Rapat tersebut berlangsung di Ruang Sidang Paripurna DPRD Bolsel, Kawasan Perkantoran Panango, Kecamatan Bolaang Uki, Rabu (1/10/2025), dan dipimpin langsung oleh Ketua DPRD Ir. Ariffin Olii.

Tiga agenda utama yang dibahas dalam rapat tersebut meliputi:
- Pembicaraan Tingkat I atas Penyampaian Nota Keuangan Rancangan Peraturan Daerah tentang Anggaran Pendapatan dan Belanja Daerah (APBD) Tahun Anggaran 2026.
- Pembicaraan Tingkat I atas empat Ranperda Inisiatif DPRD Tahun 2025.
- Penetapan Program Pembentukan Peraturan Daerah (Propemperda) Tahun 2026.
Dalam rapat yang dihadiri Bupati Iskandar Kamaru ini, terungkap bahwa RAPBD 2026 mengasumsikan pendapatan daerah sebesar Rp673 miliar. Bupati juga menyampaikan kabar kurang baik mengenai penurunan transfer pusat sebesar 41% yang akan berdampak pada pemotongan Tambahan Penghasilan Pegawai (TPP) ASN sebesar 30-40%.

“Pendapatan pada rancangan APBD Tahun Anggaran 2026 diasumsikan sebesar Rp673 miliar, yang terdiri atas Pendapatan Asli Daerah (PAD) Rp10,1 miliar, pendapatan transfer Rp653,2 miliar, dan lain-lain pendapatan yang sah Rp10,9 miliar,” jelas Bupati dalam pidatonya.
Meski demikian, pemerintah berkomitmen tetap menganggarkan TPP selama 14 bulan, termasuk gaji ke-13 dan ke-14. Semua fraksi DPRD setuju untuk melanjutkan pembahasan seluruh agenda ke tahap berikutnya. “Kami mohon maaf atas penyesuaian tersebut.
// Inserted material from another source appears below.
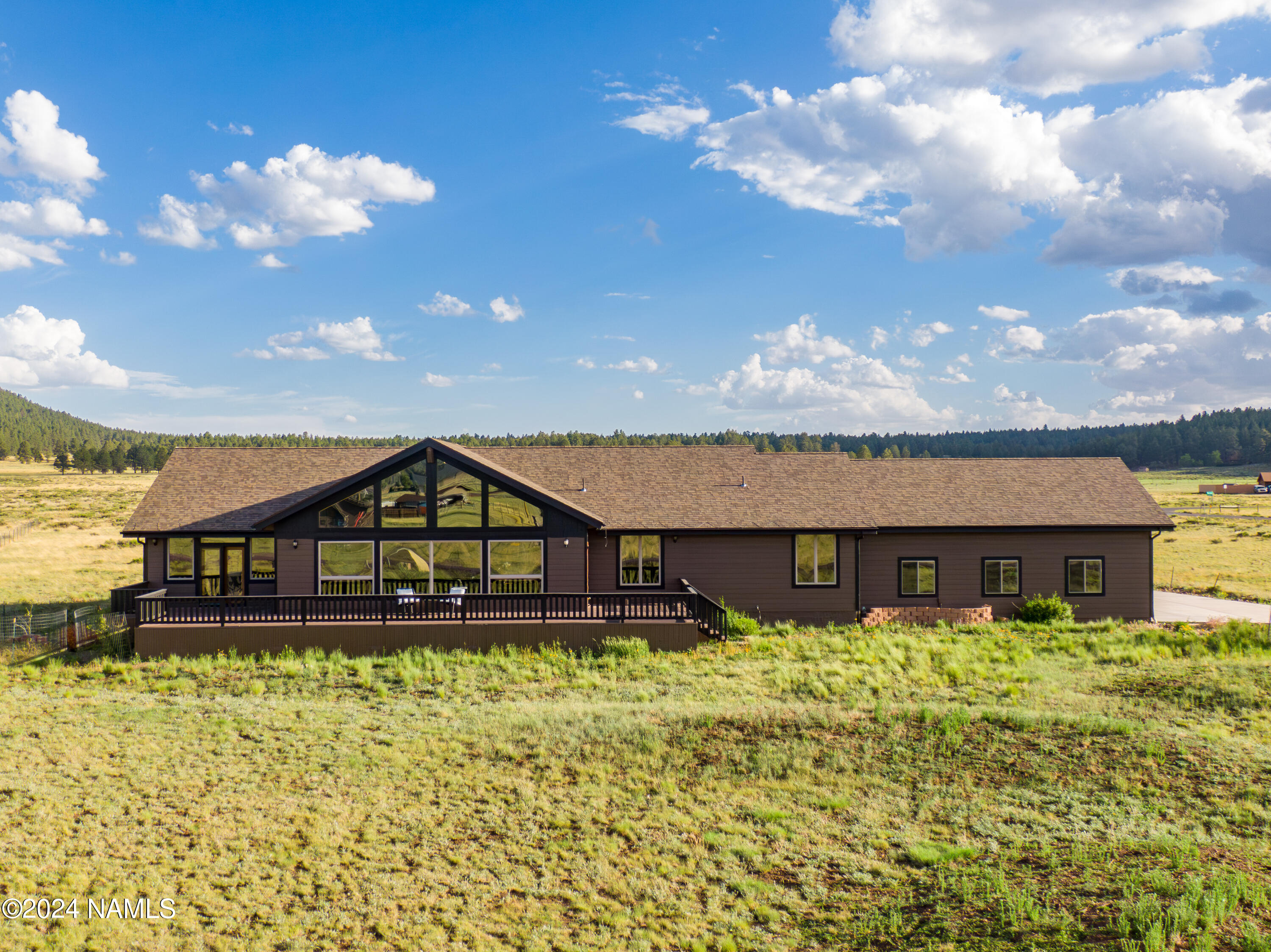 8607 W Roundup Trail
Namun saya mengajak seluruh ASN untuk tetap bersyukur dan terus memberikan dukungan terhadap program-program pemerintah pusat maupun daerah,” tandasnya.

Diketahui, dalam rapat tersebut tiga fraksi DPRD Bolsel menyatakan setuju dan siap membahas lebih lanjut seluruh agenda, yang telah disampaikan untuk dilanjutkan ke tahapan pembahasan berikutnya.